WORK REQUIRED: Scan the records that follow, and whenever a line has the word "Sale", copy it.

-------

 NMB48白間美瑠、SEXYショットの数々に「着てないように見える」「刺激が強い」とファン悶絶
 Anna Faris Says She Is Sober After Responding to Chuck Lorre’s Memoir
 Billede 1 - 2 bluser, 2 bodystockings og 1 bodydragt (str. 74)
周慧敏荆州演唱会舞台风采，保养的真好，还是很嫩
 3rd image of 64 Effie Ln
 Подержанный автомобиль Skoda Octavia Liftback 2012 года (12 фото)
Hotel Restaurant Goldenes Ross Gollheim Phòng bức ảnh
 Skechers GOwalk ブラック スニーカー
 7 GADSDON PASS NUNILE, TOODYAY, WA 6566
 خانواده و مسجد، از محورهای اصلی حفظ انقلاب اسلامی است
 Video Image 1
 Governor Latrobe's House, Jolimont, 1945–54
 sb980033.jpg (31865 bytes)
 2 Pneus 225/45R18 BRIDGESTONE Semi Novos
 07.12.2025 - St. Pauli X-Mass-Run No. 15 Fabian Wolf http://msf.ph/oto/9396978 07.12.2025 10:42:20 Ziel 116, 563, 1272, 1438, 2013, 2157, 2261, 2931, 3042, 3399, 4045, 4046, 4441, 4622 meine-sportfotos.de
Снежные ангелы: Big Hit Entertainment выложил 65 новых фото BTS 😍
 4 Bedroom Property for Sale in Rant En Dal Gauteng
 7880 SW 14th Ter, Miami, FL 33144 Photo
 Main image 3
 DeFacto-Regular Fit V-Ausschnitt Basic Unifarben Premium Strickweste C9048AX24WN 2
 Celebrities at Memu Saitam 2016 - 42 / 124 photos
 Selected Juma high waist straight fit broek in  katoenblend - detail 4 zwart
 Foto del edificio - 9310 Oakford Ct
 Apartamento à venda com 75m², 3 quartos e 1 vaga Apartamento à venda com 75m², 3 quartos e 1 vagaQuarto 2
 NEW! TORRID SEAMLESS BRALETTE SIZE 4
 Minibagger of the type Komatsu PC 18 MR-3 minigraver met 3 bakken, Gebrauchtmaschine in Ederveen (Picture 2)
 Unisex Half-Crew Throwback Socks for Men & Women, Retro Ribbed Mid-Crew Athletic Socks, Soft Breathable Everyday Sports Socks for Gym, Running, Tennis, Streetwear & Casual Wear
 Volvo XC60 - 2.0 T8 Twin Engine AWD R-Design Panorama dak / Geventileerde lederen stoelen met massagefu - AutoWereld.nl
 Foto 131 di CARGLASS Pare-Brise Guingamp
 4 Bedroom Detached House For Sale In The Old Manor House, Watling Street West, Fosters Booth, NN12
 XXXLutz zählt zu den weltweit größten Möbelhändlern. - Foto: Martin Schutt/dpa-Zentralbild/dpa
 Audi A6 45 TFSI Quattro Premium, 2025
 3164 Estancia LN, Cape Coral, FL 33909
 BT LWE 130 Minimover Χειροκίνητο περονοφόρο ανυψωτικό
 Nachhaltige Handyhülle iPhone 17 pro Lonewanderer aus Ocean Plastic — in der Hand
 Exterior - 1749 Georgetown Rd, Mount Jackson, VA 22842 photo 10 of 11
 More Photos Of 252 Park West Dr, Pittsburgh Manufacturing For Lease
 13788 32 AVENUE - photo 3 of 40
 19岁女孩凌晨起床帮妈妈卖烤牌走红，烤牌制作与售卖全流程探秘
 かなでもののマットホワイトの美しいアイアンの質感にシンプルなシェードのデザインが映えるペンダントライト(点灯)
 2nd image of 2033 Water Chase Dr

-------

SOLUTION FOR THIS EXERCISE:
 4 Bedroom Property for Sale in Rant En Dal Gauteng
 4 Bedroom Detached House For Sale In The Old Manor House, Watling Street West, Fosters Booth, NN12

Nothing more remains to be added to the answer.